LAS VEGAS – Devyn Christensen collapsed onto the Orleans Arena floor, crushed beneath the realization that even her WAC tournament-record nine 3-pointers and career-high 37 points weren’t enough to prolong the Aggies’ stay here.
They ran into an Idaho team they’d twice beaten, and the Vandals didn’t want to go home, either.
The result will be memorable for the few who witnessed it. Addie Schivo’s free throws with 3.5 seconds left provided the final, 84-82 margin for the third-seeded Vandals, but that was just the final big offensive play in a game that featured plenty on both sides.
This was March basketball at its finest, USU and Idaho putting on an afternoon display that rivaled anything produced by the four conference tournaments held here in the last two weeks.

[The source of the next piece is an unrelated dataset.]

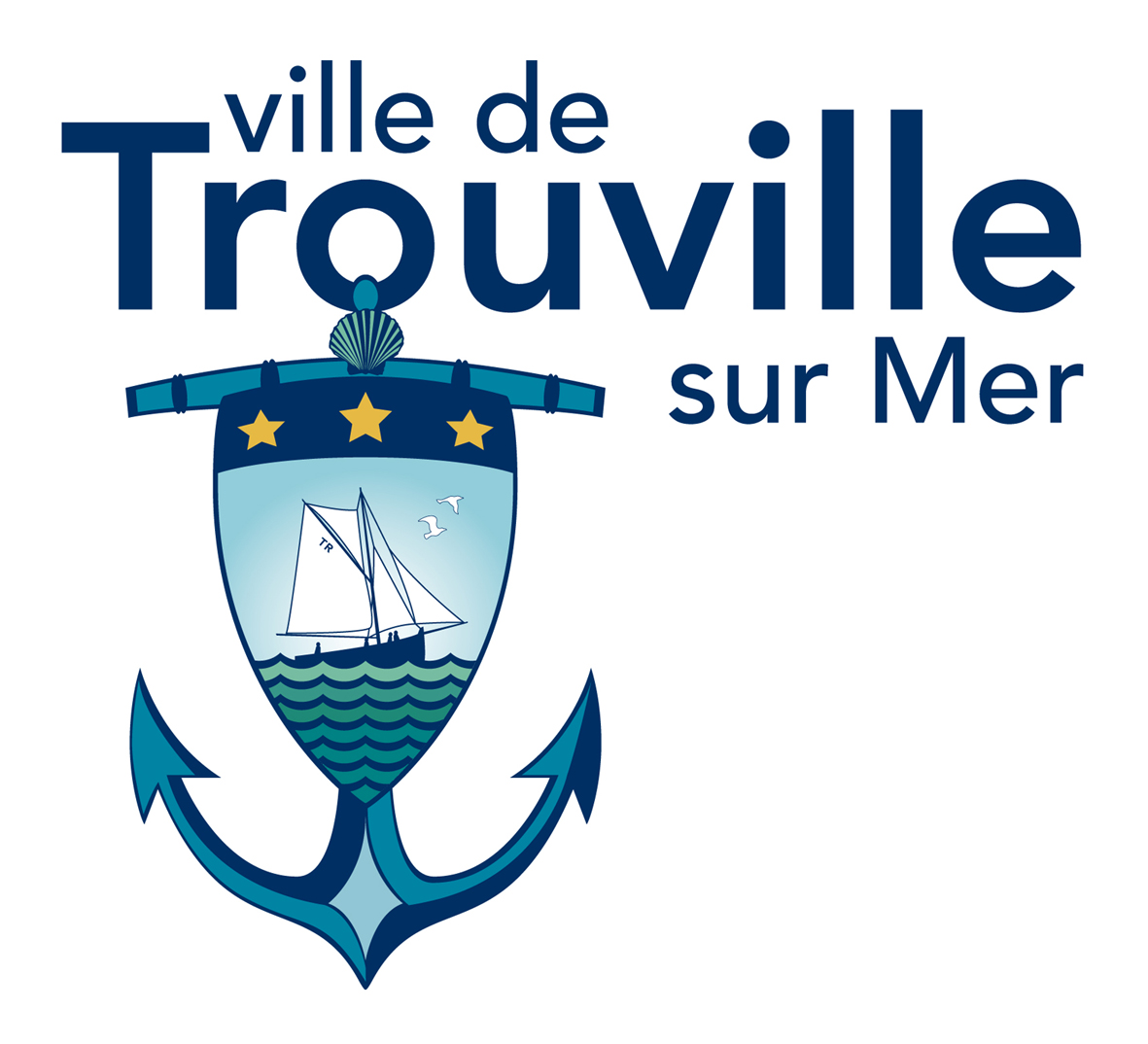 Logo Trouville-sur-Mer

The Vandals (16-15), one win away from an NCAA tournament bid, face No. 1 seed Seattle University (20-9) at 12 p.m. Saturday for the tournament championship.
“They wanted it. We wanted it,” said Christensen, who scored 26 of her team’s final 34 points during the last 14 minutes. “They hit shots when they needed to, and we needed just a few more seconds and I think it would have been a different story.”
Instead, the story is this: The Vandals ripped off a 17-2 run to take a 68-59 lead with 5:16 to play after trailing for most of the second half, then withstood a furious comeback led by Christensen and a final Aggies possession that ended without a shot attempt.
Stacey Barr led the effort by scoring 26 points on 8-of-14 shooting. But there were team-wide contributions, a staple of the kind of play that keeps teams alive during this time of year.
There were Ali Forde’s 14 rebounds to propel Idaho to a 47-35 edge on the glass despite the Aggies shooting a higher percentage (43.9) than the Vandals (40). There were 12 points scored by senior Jessica Graham, including the final seven of Idaho’s big run.
“This is all I’ve ever wanted,” said Graham, whose career at Idaho has been marred by three ACL tears and a torn meniscus. “I’m so happy I don’t have any words for it.”
And, of course, there was Schivo, who scored just five points in 19 minutes, pulling down an offensive rebound after Krissy Karr missed a runner in the final seconds – one of just four shots Idaho missed in the final 10 minutes while scoring 33 points – then drawing a foul, stepping to the line with 3.5 seconds left and knocking down both free throws.
“I was pretty comfortable,” Schivo said. “It was a little nerve-wracking, but I hit the first one and knew I was good.”
Idaho coach Jon Newlee called timeout to set his defense. Utah State (18-13) coach Jerry Finkbeiner drew up the “Valparaiso play,” a reference to the full-court inbound play that produced Bryce Drew’s famous winning 3-pointer against Mississippi in the 1998 NCAA tournament.
Newlee wanted Idaho to give a foul – it had only committed five – once the ball was inbounded. But after a Utah State player received a clean pass near the top of the key, she dished to Christensen deep on the left wing.
She took a couple of dribbles, lost control of the ball, and Idaho’s spot in the WAC championship game was clinched.
“I thought, ‘Please don’t foul if she’s going to pick that thing up and shoot it,’ ” Newlee said.
It wouldn’t have been a surprise if Christensen had risen and nailed a winner. She scored 10 points in a span of 1:40 to cut Idaho’s lead to 81-79. After Idaho’s Alyssa Charlston split a pair of free throws, Franny Vaaulu tied the score with an offensive rebound and 3-point play with 12.1 seconds left.
But the Vandals, losers of seven games decided by six or fewer points, held on for their second tight victory of this tournament.
“It was a game of runs,” Newlee said, “and our run came at the end.”
Who knows? Maybe it still hasn’t ended.